地元と米側の歩調がそろい始めたにもかかわらず、鳩山首相らが「県民の総意を探る必要がある」と来年半ばまで決断を先送りする姿勢をみせているのは問題だ。政権公約などで普天間の「県外移設」を掲げてきたのに加え、来年は1月に名護市長選、11月には県知事選もあるからだろう。

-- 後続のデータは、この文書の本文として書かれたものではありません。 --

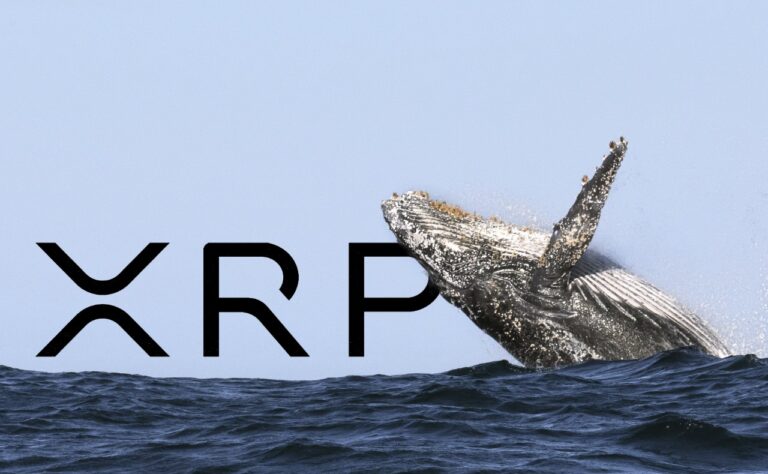 انتقال 250 میلیون دلار ریپل توسط نهنگ ریپل
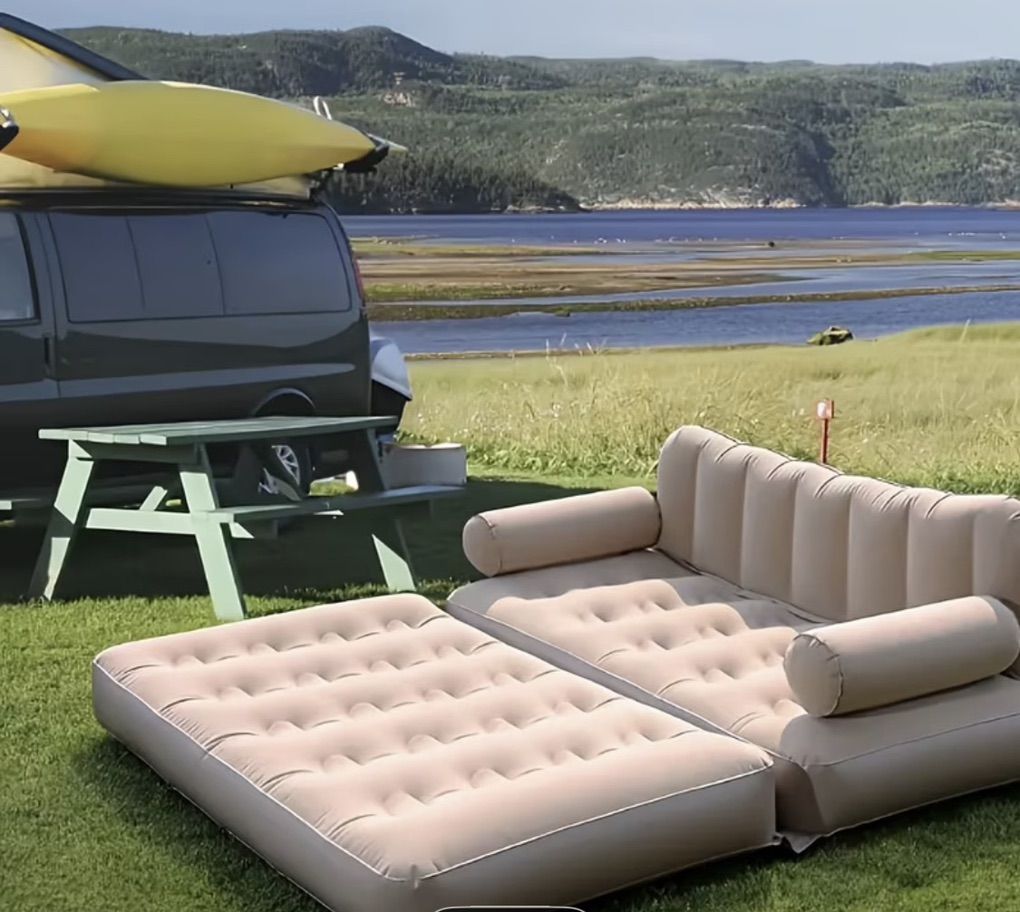 Inflatable Couch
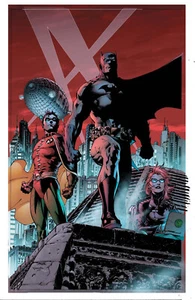 Batman #619 Facsimile EDITION CVR A JIM LEE *Presale* - Picture 1 of 1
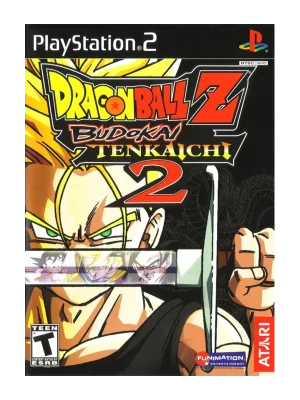Dragon Ball Z Budokai Tenkaichi 2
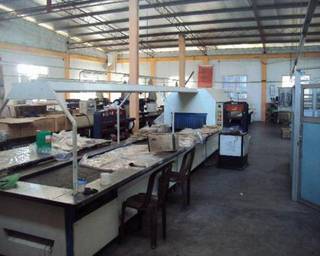 For Sale: Profitable shoe manufacturing factory with machinery, infrastructure and skilled workforce, having 150+ clients.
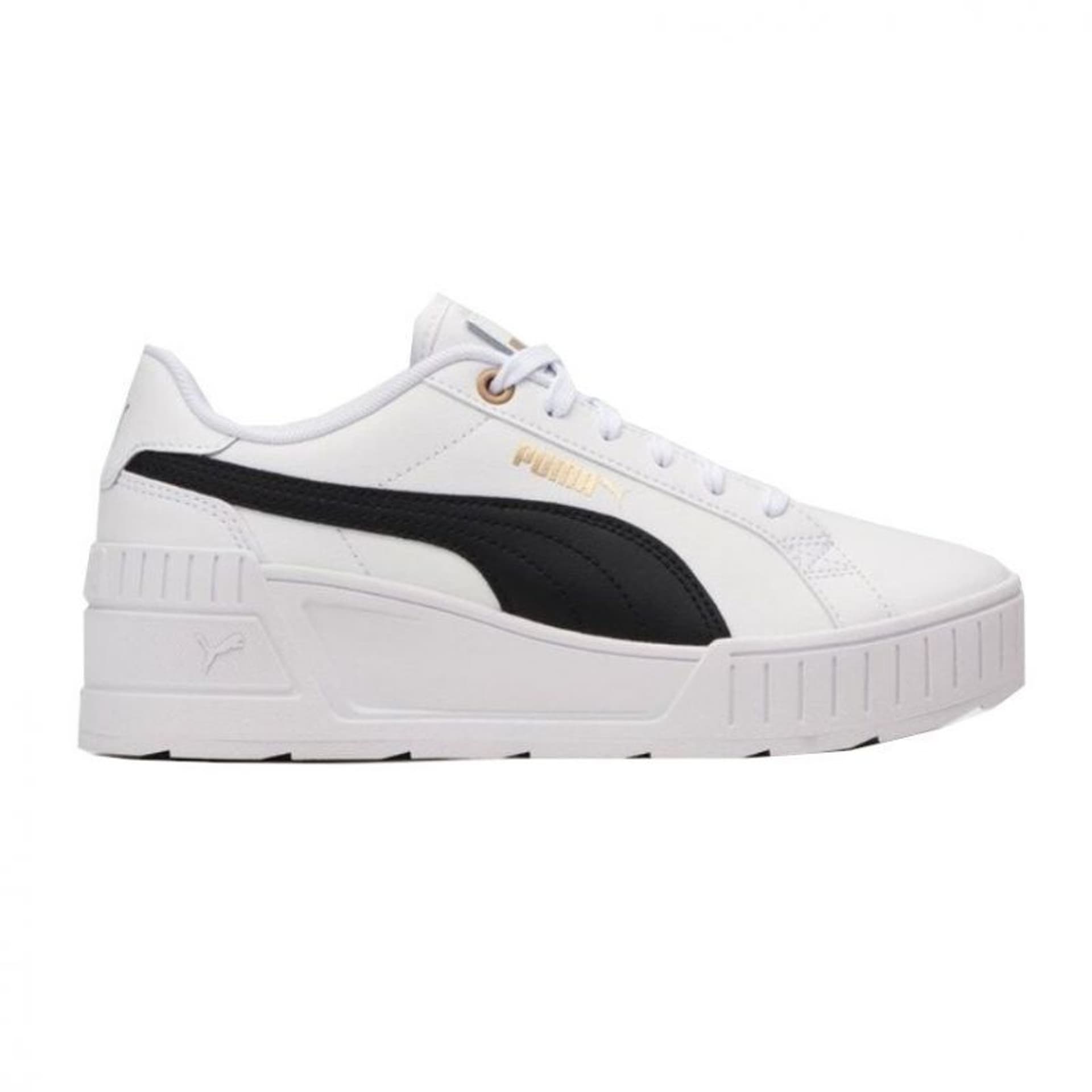 

Buty Puma Karmen Wedge W 390985 (kolor Biały, rozmiar 37.5)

だが、この問題は両国が1996年に普天間全面返還に合意して以来14年越しの懸案だ。現行計画は世界規模の米軍再編の不可分の一部でもある。遅れれば、アジア太平洋全体の米軍戦略や日米の共同抑止態勢にも重大な支障を来しかねない。首相は住民の期待や同盟の要請を踏まえて速やかに指導力を発揮する必要がある。

鳩山政権は、アフガン政府が固執していないとの理由でインド洋補給支援を中止する意向だが、代替支援は何も決まっていない。

核の傘についても、岡田克也外相は米国に核先制不使用宣言を求めて「日米で議論したい」と主張している。だが米国の核の傘は中国の軍拡や北朝鮮の核・ミサイル脅威に備え、日本の安全を担保する最大のよりどころだ。同盟の抑止の基盤を自ら放棄するような考え方には疑問がある。

首相が掲げる東アジア共同体構想にも「米国排除にならないか」との懸念がある。鳩山政権は「緊密で対等な同盟関係の構築」を掲げてきたものの、今は同盟の不信を招きかねないのが実情だ。

長官訪日を機にこれらの疑問や問題を解消すべきだ。首相が具体的な決断と行動で日米の信頼を高めることが第一歩になる。